▶ What the task requires
Everything in the listing below should be repeated exactly, apart from the pictures.

▶ Supplied entries

::::::::::

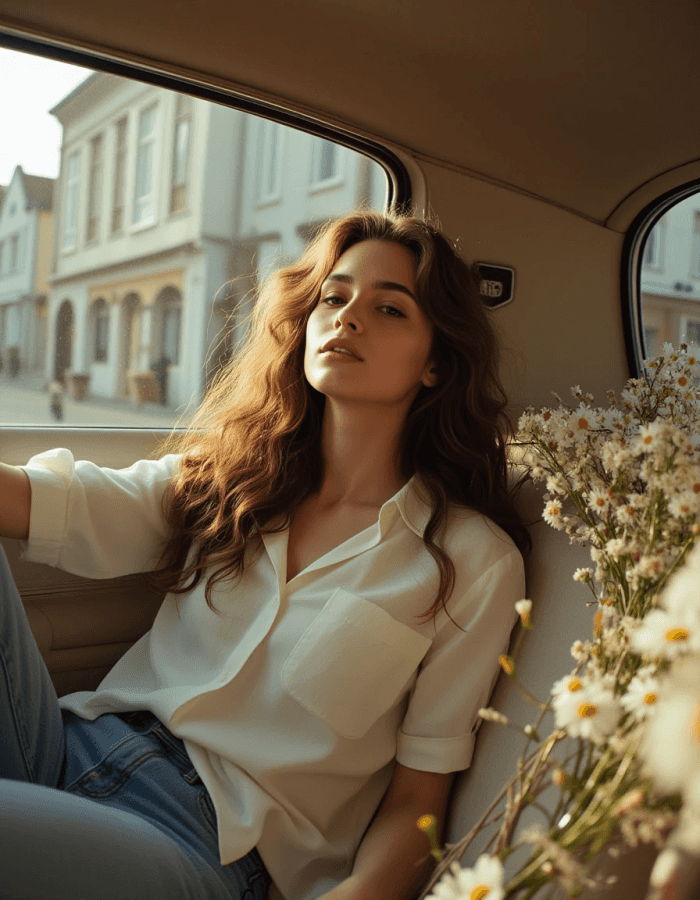 cozy,aesthetic,girl,car interior,back seat,soft lighting,vintage style,dreamy,peaceful,moody,warm tones,cinematic,relaxed,solitude,introspective,cozy vibes,road trip,ambient light,quiet moment,modern art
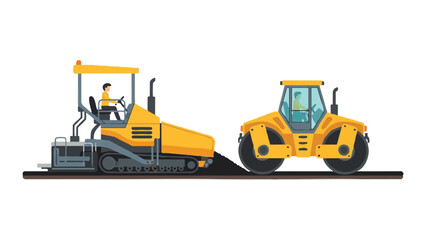 Fototapeta premium Flat Vector Illustration of Road Paving Heavy Machinery: Asphalt Paver and Road Roller Working on New Highway Construction Site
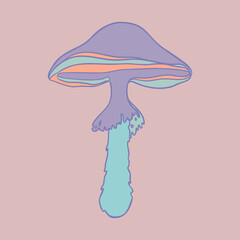 Magic mushroom. Psychedelic hallucination. Vector illustration in pastel colors isolated. 60s trippy hippie art for sticker, patch or poster design.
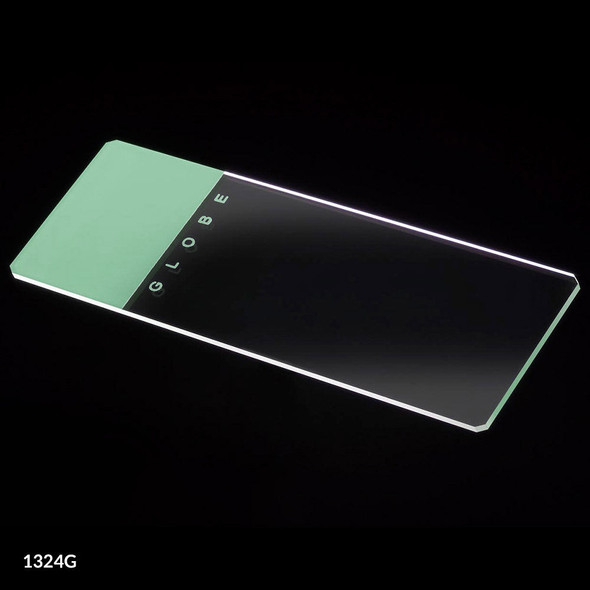 Globe Microscope Slides – Glass, 25 X 75mm, 90° Ground Edges with Safety Corners, Green Frosted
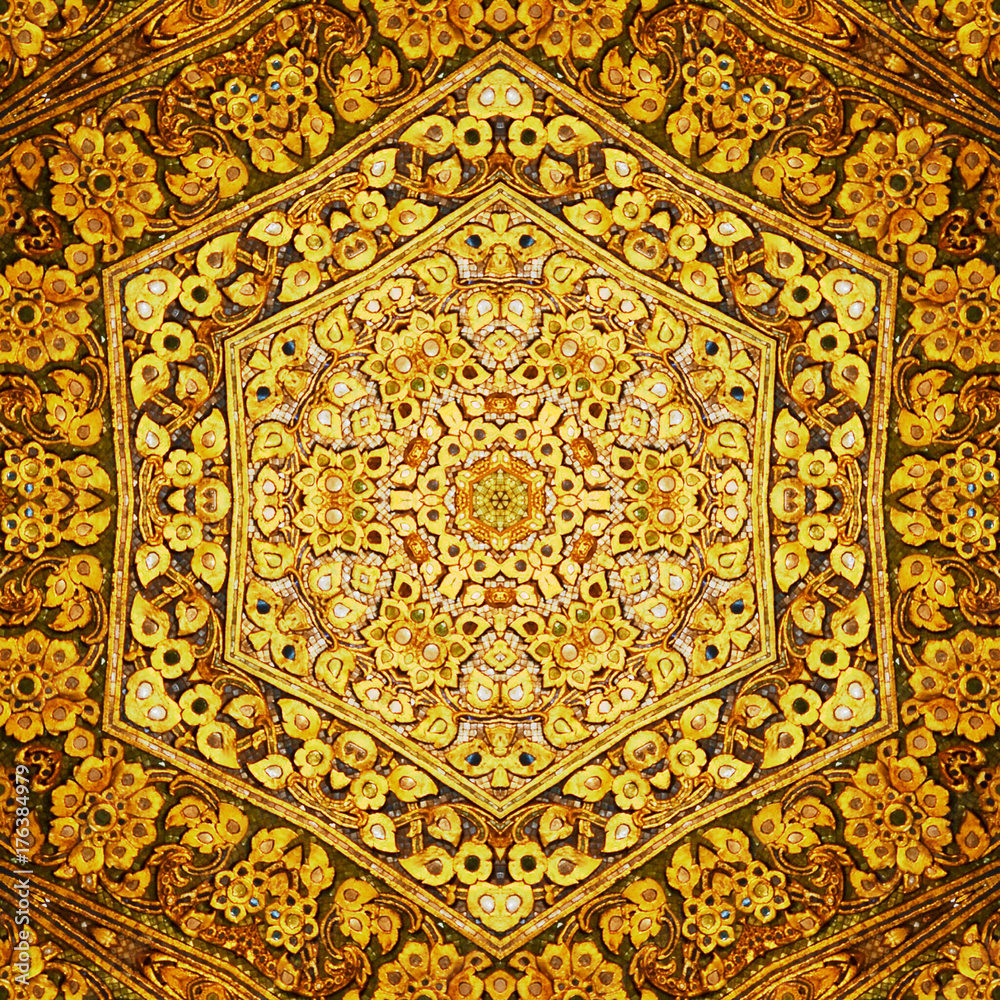 Gold abstract background textures,kaleidoscope Photo technique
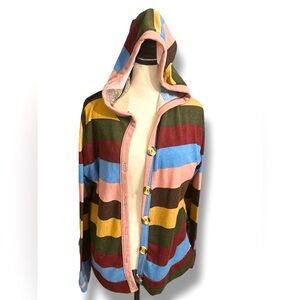 White Birch Striped Multi Color Button Down Hooded Cardigan Sweater Womens Small
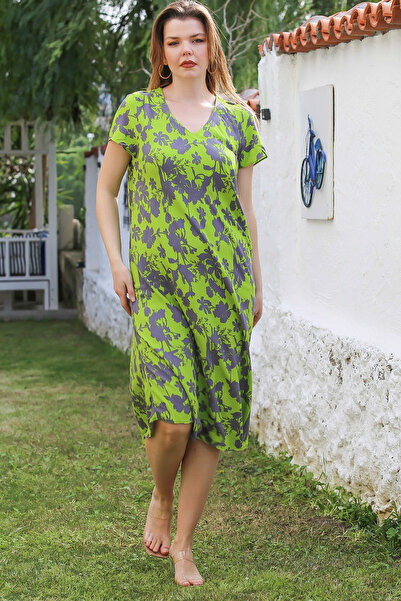 Chiccy Πράσινο φόρεμα με λαιμόκοψη V με χαμηλό μανίκι Casuall Vis kin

::::::::::

▶ Task response
 cozy,aesthetic,girl,car interior,back seat,soft lighting,vintage style,dreamy,peaceful,moody,warm tones,cinematic,relaxed,solitude,introspective,cozy vibes,road trip,ambient light,quiet moment,modern art
 Fototapeta premium Flat Vector Illustration of Road Paving Heavy Machinery: Asphalt Paver and Road Roller Working on New Highway Construction Site
 Magic mushroom. Psychedelic hallucination. Vector illustration in pastel colors isolated. 60s trippy hippie art for sticker, patch or poster design.
 Globe Microscope Slides – Glass, 25 X 75mm, 90° Ground Edges with Safety Corners, Green Frosted
 Gold abstract background textures,kaleidoscope Photo technique
 White Birch Striped Multi Color Button Down Hooded Cardigan Sweater Womens Small
 Chiccy Πράσινο φόρεμα με λαιμόκοψη V με χαμηλό μανίκι Casuall Vis kin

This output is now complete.